Inserting journal entries in IF

Hi everyone,

First off, I’m a newbie, new to Inform, new to IF. I’ve been playing around with a project on my own for a few months, feeling my way through problems as I cross them. I love it and this is my first foray into public forums-- so, how do you do.

I’m working on a fictionalized version of my real world travels, which is captured in actual paper journals. I want to use my real life journal entries as a starting point, then edit/fictionalize them as needed. I have many, many pages to transcribe from paper into IF. Then, I want to insert these journal entries as text in certain parts of the story. I’ve mapped out the world roughly (rooms and regions) and I’d like to trigger spontaneous journal entries from time to time throughout the story. That is, at certain times, the player is told that they stop what they are doing to write in their journal (my choice, not theirs) and that the journal entry says such-and-such (my text, not theirs).

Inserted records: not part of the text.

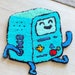 Cute BMO Rug - Etsy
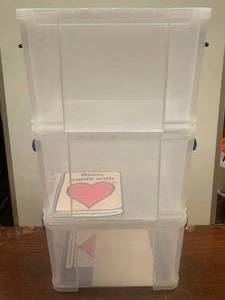 Storage Bins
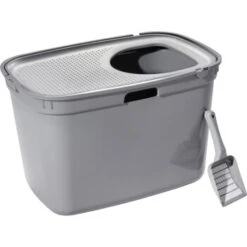 AniOne Katzentoilette Top-Entry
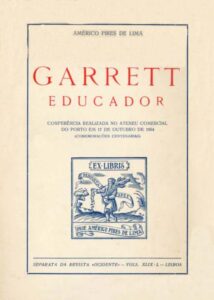 GARRETT EDUCADOR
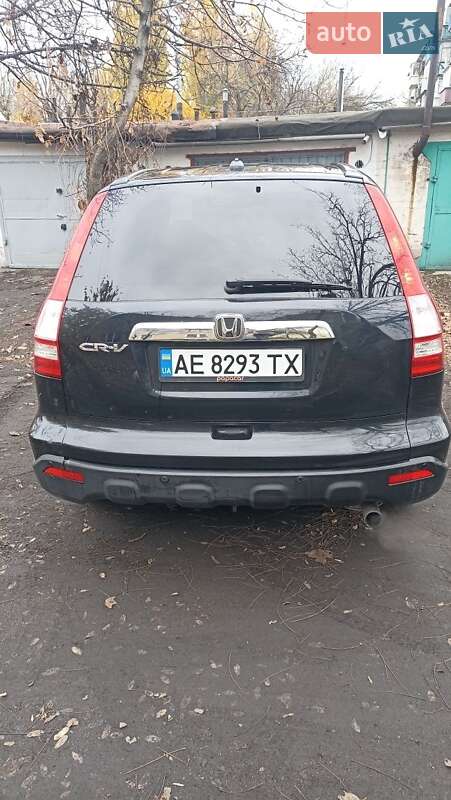 Honda CR-V 2008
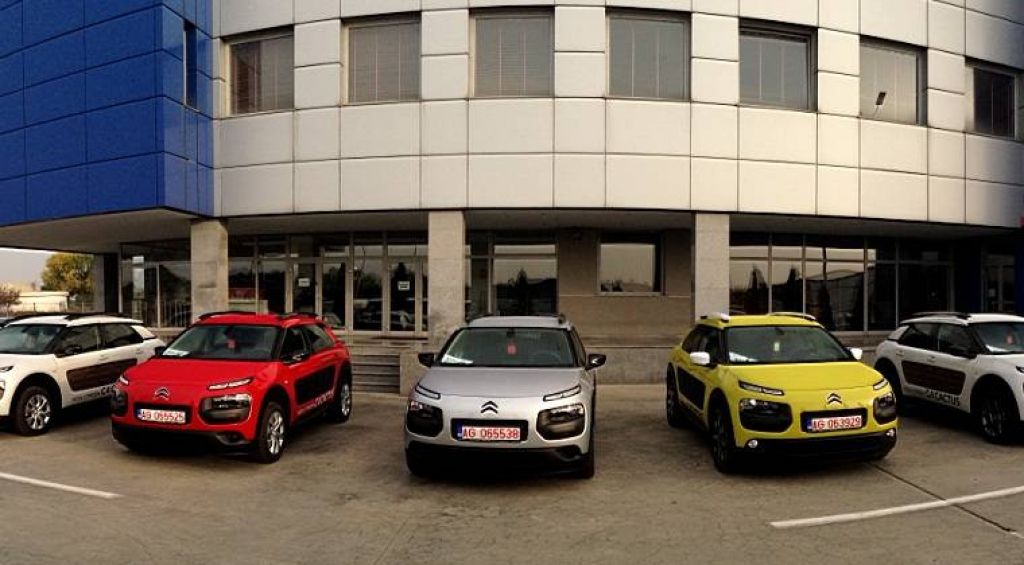 Citroen C4 Cactus - Imagine 1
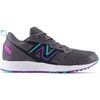 New Balance Kids Fresh Foam 650 V1 Lace-up Running Shoe(Magnet/Electric Indigo/Cosmic Rose)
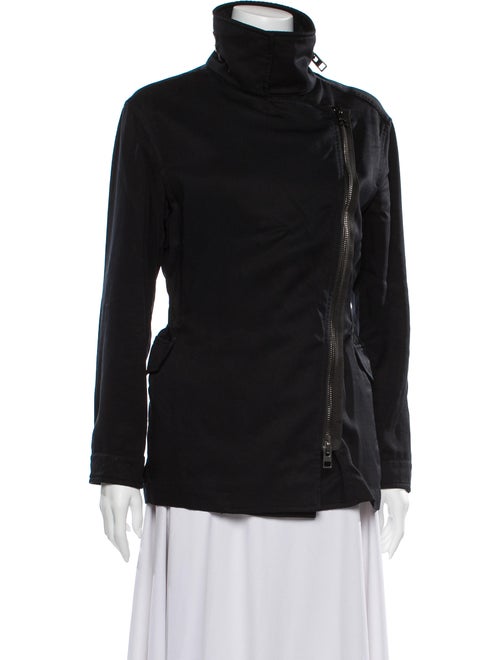 AllSaints Coat Black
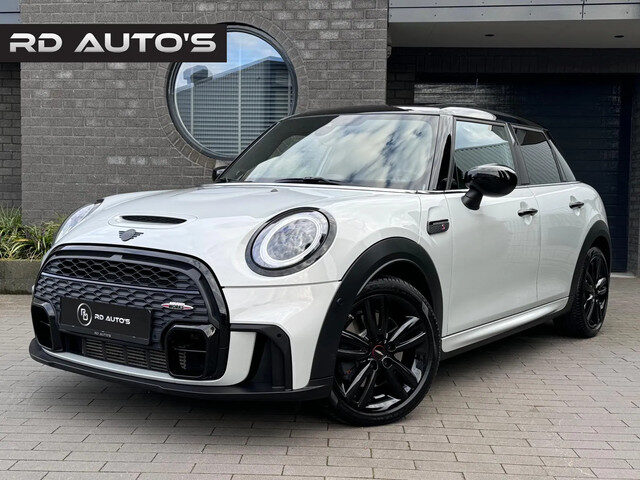 MINI Cooper S Mini 2.0 John Cooper Works Pano 5 Deurs Navi Facelift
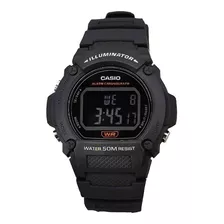 Relógio Casio Masculino W-219h-8avdf Nota Fiscal Envios Full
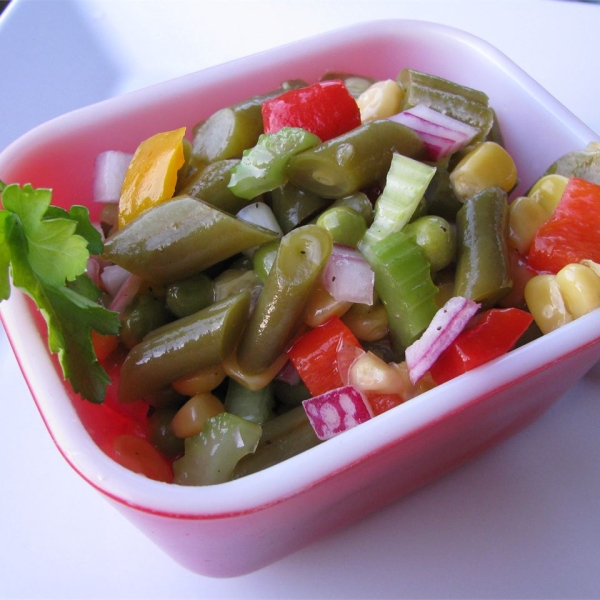 Green Bean Salad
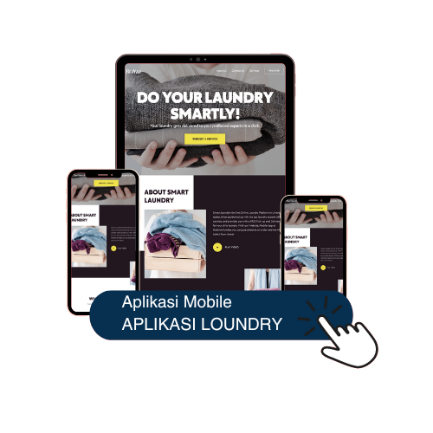 APLIKASI MOBILE LOUNDRY
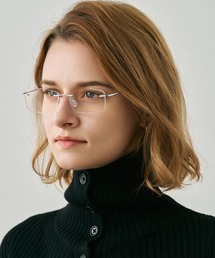 NUEF （ヌエフ）の「cent quarante-deux142（メガネ）」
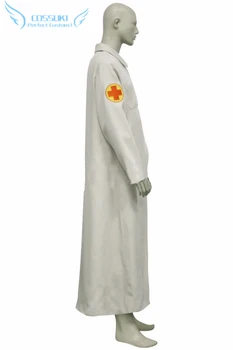 Mai Nou De Înaltă Calitate Team Fortress 2 Medic Uniformă Cosplay Costum ,Perfect Personalizat Pentru Tine !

Here is my approach so far:

Because I am converting a bunch of real world text that I want to edit later, I don’t want to sprinkle the journal entries throughout the story, within rooms or scenes. Therefore, I created Table of Journal Entries (which I can create by inserting row/column tags into my transcribed journals), from which I can grab entries as needed.
Right now, it looks like this:

Table of Journal Entries
Entry ID	Journal Entry
"AOM1"	"Lorem ipsum dolor sit amet, consectetur adipiscing elit. Pellentesque dui dolor, lacinia ut tempor sit amet, euismod eu sem. [line break]Praesent volutpat commodo iaculis. Sed fermentum, purus eleifend posuere interdum, est eros maximus nibh, pulvinar aliquet magna erat a arcu.[paragraph break]"
"YH1"	"Lorem ipsum dolor sit amet, consectetur adipiscing elit. Pellentesque dui dolor, lacinia ut tempor sit amet, euismod eu sem. [line break]Praesent volutpat commodo iaculis. Sed fermentum, purus eleifend posuere interdum, est eros maximus nibh, pulvinar aliquet magna erat a arcu.[paragraph break]"

The Entry ID is just an internal ID that I’ll recognize as referring to a room (YH1 is the first entry in room YH). I’m not using date/time because I don’t think flow of time will be that strict and it’s the location that counts.
The table is hard to read in Inform7 when entries are long, but I don’t know another way to centralize the content transcribed from Word.

For triggering journal entries, my current approach it to:

  1. Define “journaling” as an activity that involves saying the “[Journal Entry corresponding to an Entry ID of Entry ID in the Table of Journal Entries]”.
  2. Use rules in the appropriate rooms to set the Entry ID and determine when to trigger Journaling (after so many turns, etc).
    I’m not including exact code here because first I wonder if this is a good approach at all.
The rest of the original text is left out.